In London, Ontario, a new approach to homelessness is taking shape. The ARCH initiative - Action Research to End Chronic Homelessness - is challenging the way the city responds, ensuring Indigenous leadership and community voices are at the center (CAEH, 2025). 

What makes ARCH different is not just the program it delivers, but who is leading the change. Led by the Atlohsa Family Healing Services, Arch is putting Indigenous communities in the driver’s seat. Indigenous peoples are disproportionately represented among those experiencing homelessness, yet mainstream services too often miss the mark- failing to address cultural identity, intergenerational trauma, and community healing (Homeless Hub, 2025). ARCH is able to do something revolutionary: housing solutions now honor traditions, including healing practices, and involve communities in every decision (Atlohsa, 2025). 

One of the most powerful commitments of ARCH is its dedication of 30% of London’s homelessness funding to Indigenous-led services (CAEH, 2025). This move not only provides resources but also shifts power, ensuring equity in decision-making. ARCH also follows the OCAP principles- Ownership, Control, Access, and Possession- which guarantee that Indigenous communities maintain authority over their own data.
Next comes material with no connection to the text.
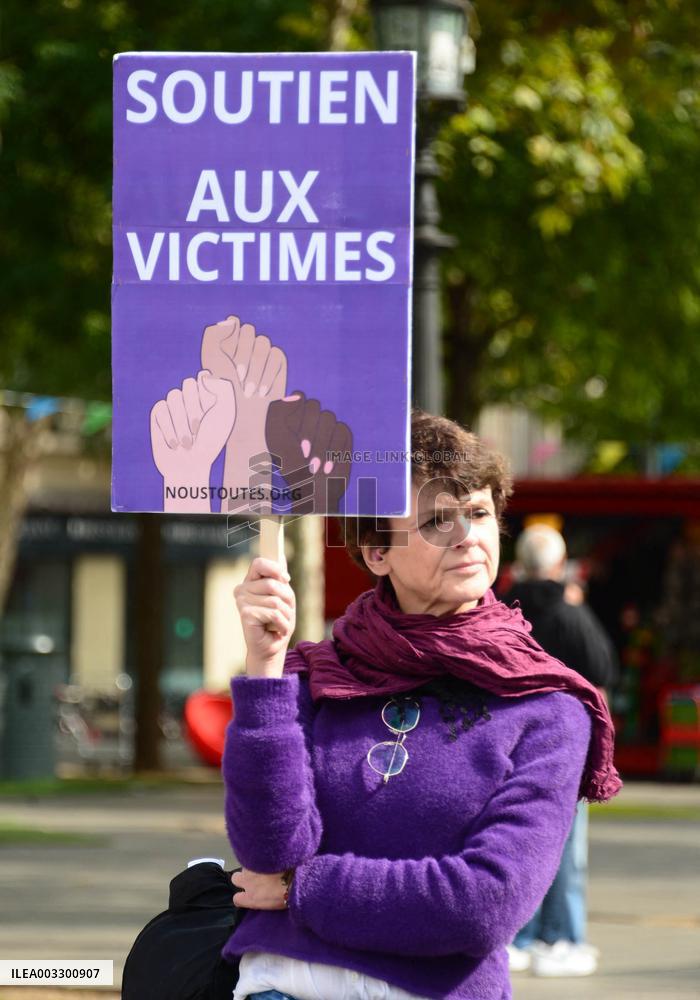 Demonstration In Support Of Gisele Pelicot - Paris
This protects cultural integrity and ensures that programs reflect lived realities rather than outside assumptions (Homeless Hub, 2025). 

As important as funding structures and data principles are, ARCH’s reach goes far beyond these notions. It is about reconciliation in action. By embedding Indigenous knowledge systems, practices of care, and collective decision-making into housing policy, London is modeling what a just approach to ending homelessness can look like. The initiative recognizes that homelessness can be brief, and non-recurring when solutions are designed with respect for culture, history and community at its center (CAEH, 2025). 
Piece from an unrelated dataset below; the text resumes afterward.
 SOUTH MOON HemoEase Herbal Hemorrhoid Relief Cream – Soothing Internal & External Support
ARCH is also a blueprint for other cities. Across Canada, communities are searching for ways to make coordinated access more equitable and culturally responsive. London demonstrates that transformation happens when Indigenous leadership is supported, and not tokenized. Rather than layering Indigenous perspectives onto existing systems, ARCH rebuilds the system itself to reflect Indigenous ways of knowing and being. 

Ending chronic homelessness is not only a policy challenge but a cultural one. London’s ARCH initiative shows that when Indigenous voices lead, and when reconciliation is directly implemented into housing solutions, the path forward becomes clearer.